**TASK STATEMENT:** In the entries below, copy only the lines from the one that contains "Emerald cut lab" through the last line, exactly, and omit any pictures.

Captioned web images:
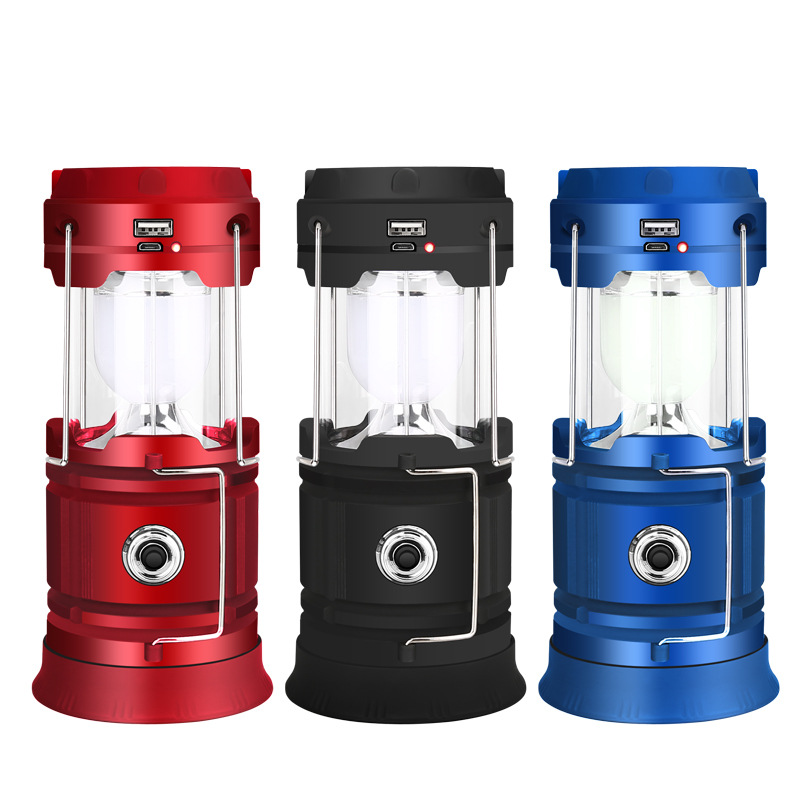 LED Camping Lantern, Powered by Battery with Solar and USB Charging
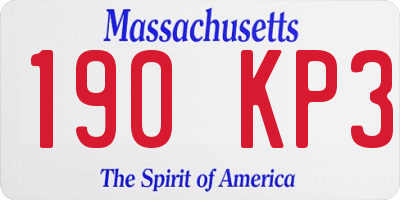 MA license plate 190KP3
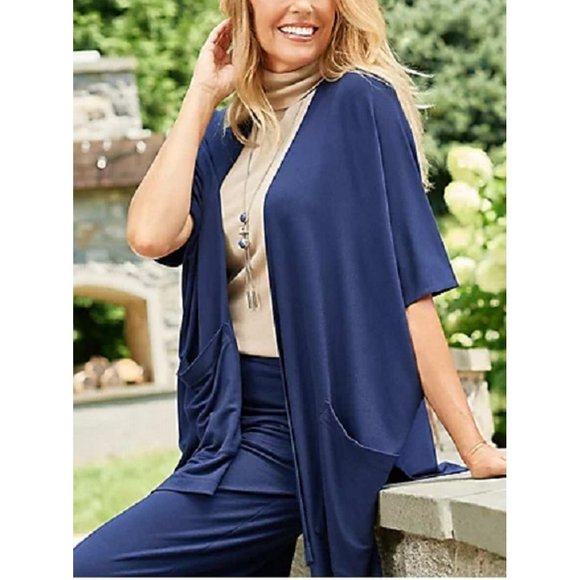 Susan Graver Weekend Regular Jersey Knit Relaxed Cardigan MEDIUM (909) - Picture 1 of 8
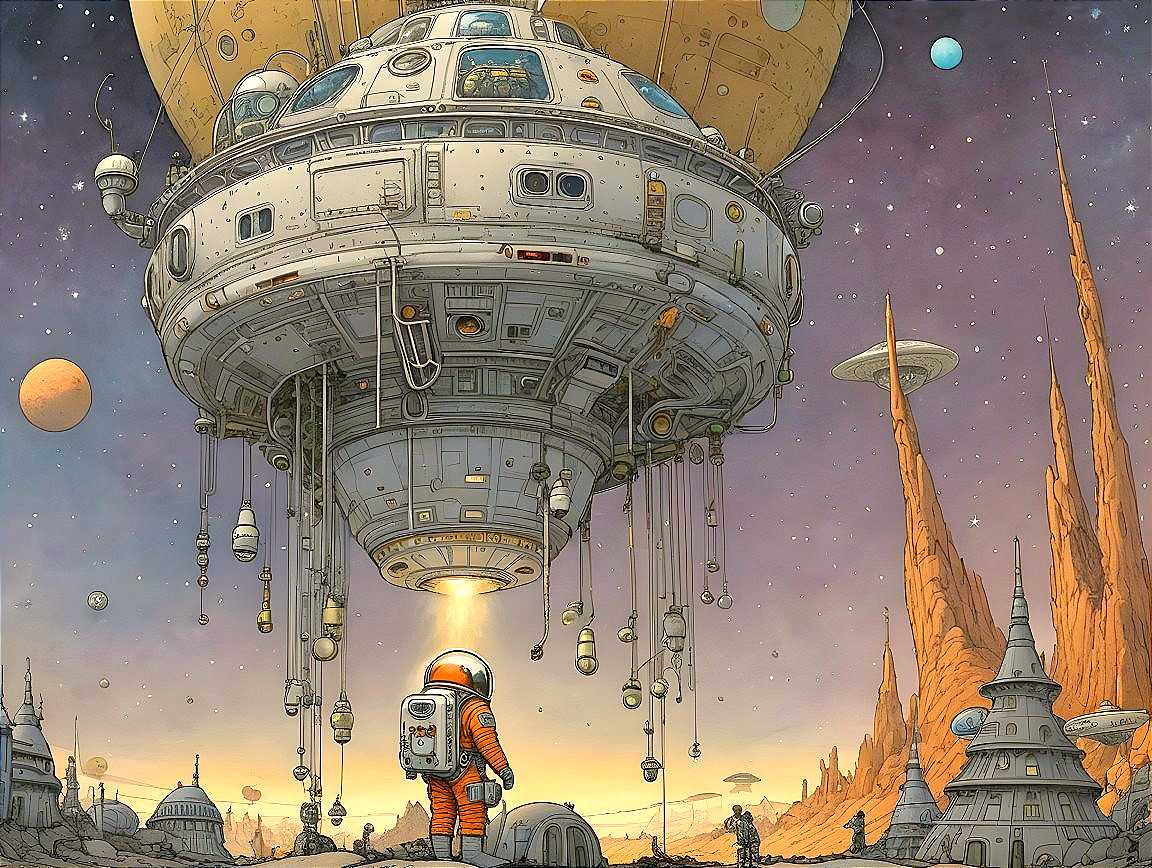 Futuristic Landscape with Astronaut and Hovering Spacecraft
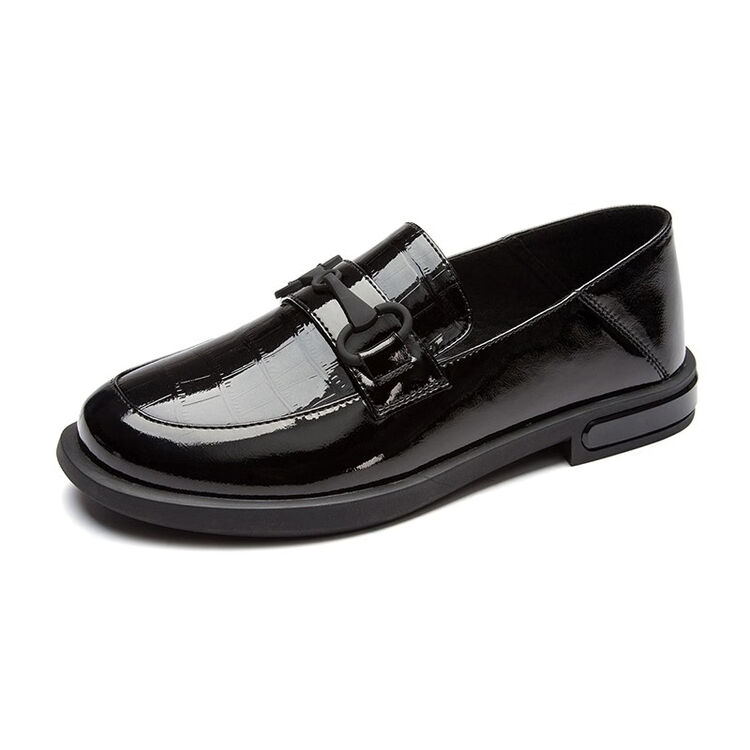 法国montagut梦特娇女鞋新款英伦风休闲平底乐福鞋复古圆头漆皮单鞋女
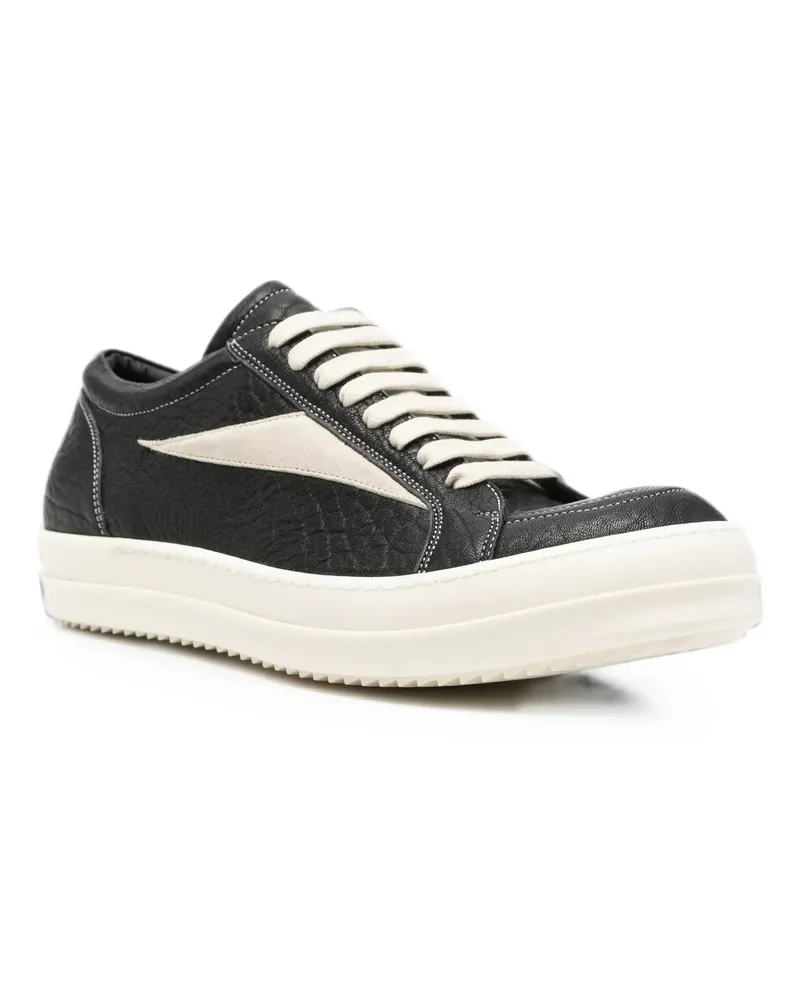 Rick Owens Men's Sneakers Vintage Low En Cuir Noir Et Blanc Black Black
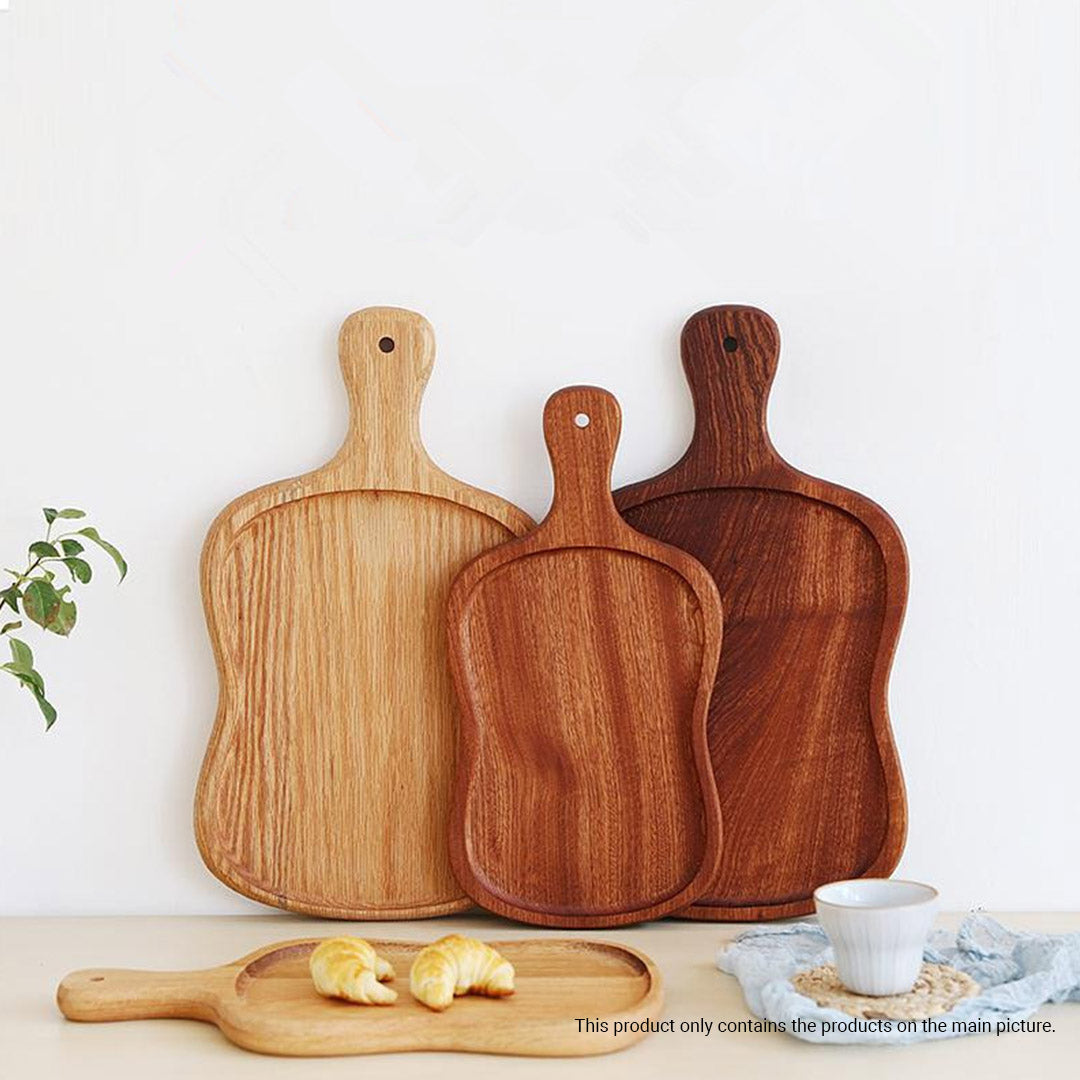 SOGA 2X 40cm Brown Wooden Serving Tray Board Paddle with Handle Home Decor • LUZ-WodF604X2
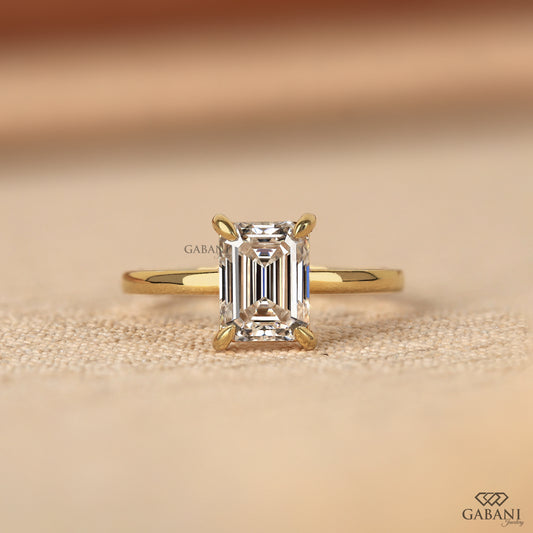 Emerald cut lab grown diamond solitaire ring in yellow gold
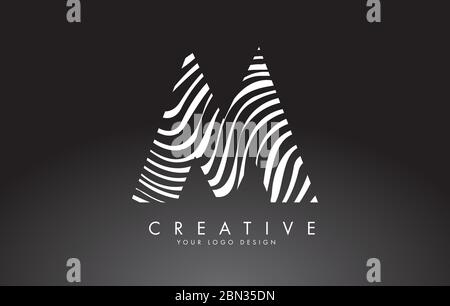 M Letter Logo Design with Fingerprint, black and white wood or Zebra texture on a Black Background. Creative M vector illustration with black and whit Stock Vector
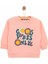 Basic Az Şardonlu Çiçekli Yazı Desenli Sweatshirt Kız Bebek 1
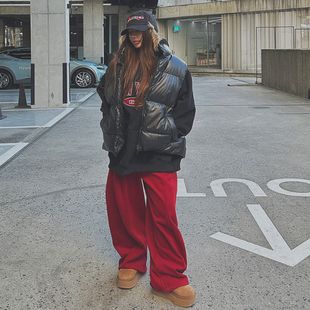 女装 纯色宽松松紧腰抽绳加绒休闲长裤 LAG2025冬季 时尚 款 韩国正品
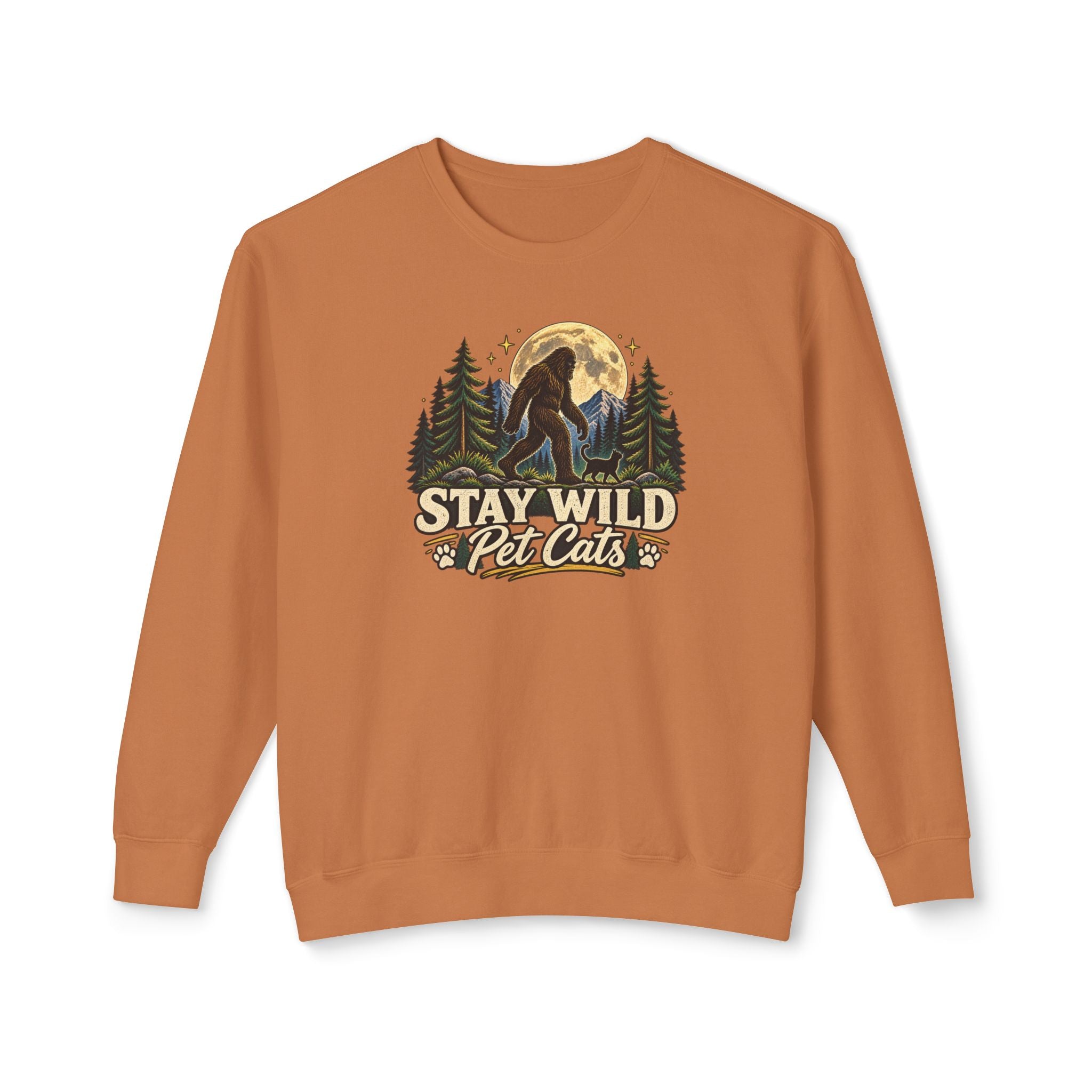 Stay Wild Pet Cats Sasquatch Crewneck Sweatshirt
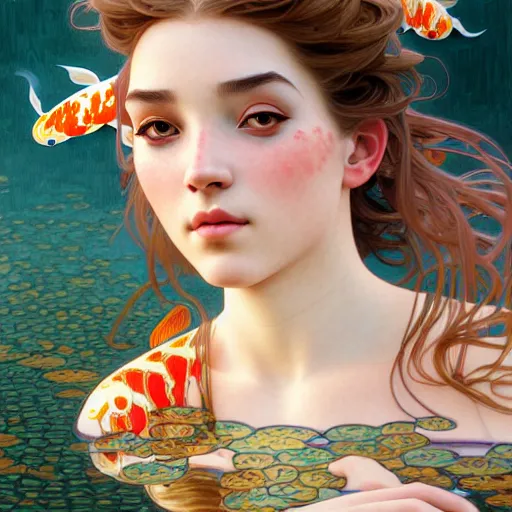 Prompt: Portrait of a girl surrounded by Koi fish, face, fantasy, intricate, elegant, highly detailed, digital painting, artstation, concept art, smooth, sharp focus, illustration, art by Tahir Tanis and Artem Demura and alphonse mucha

**ANSWER BOX:**
 Emerald cut lab grown diamond solitaire ring in yellow gold
 M Letter Logo Design with Fingerprint, black and white wood or Zebra texture on a Black Background. Creative M vector illustration with black and whit Stock Vector
 Basic Az Şardonlu Çiçekli Yazı Desenli Sweatshirt Kız Bebek 1
 女装 纯色宽松松紧腰抽绳加绒休闲长裤 LAG2025冬季 时尚 款 韩国正品
 Stay Wild Pet Cats Sasquatch Crewneck Sweatshirt
 Prompt: Portrait of a girl surrounded by Koi fish, face, fantasy, intricate, elegant, highly detailed, digital painting, artstation, concept art, smooth, sharp focus, illustration, art by Tahir Tanis and Artem Demura and alphonse mucha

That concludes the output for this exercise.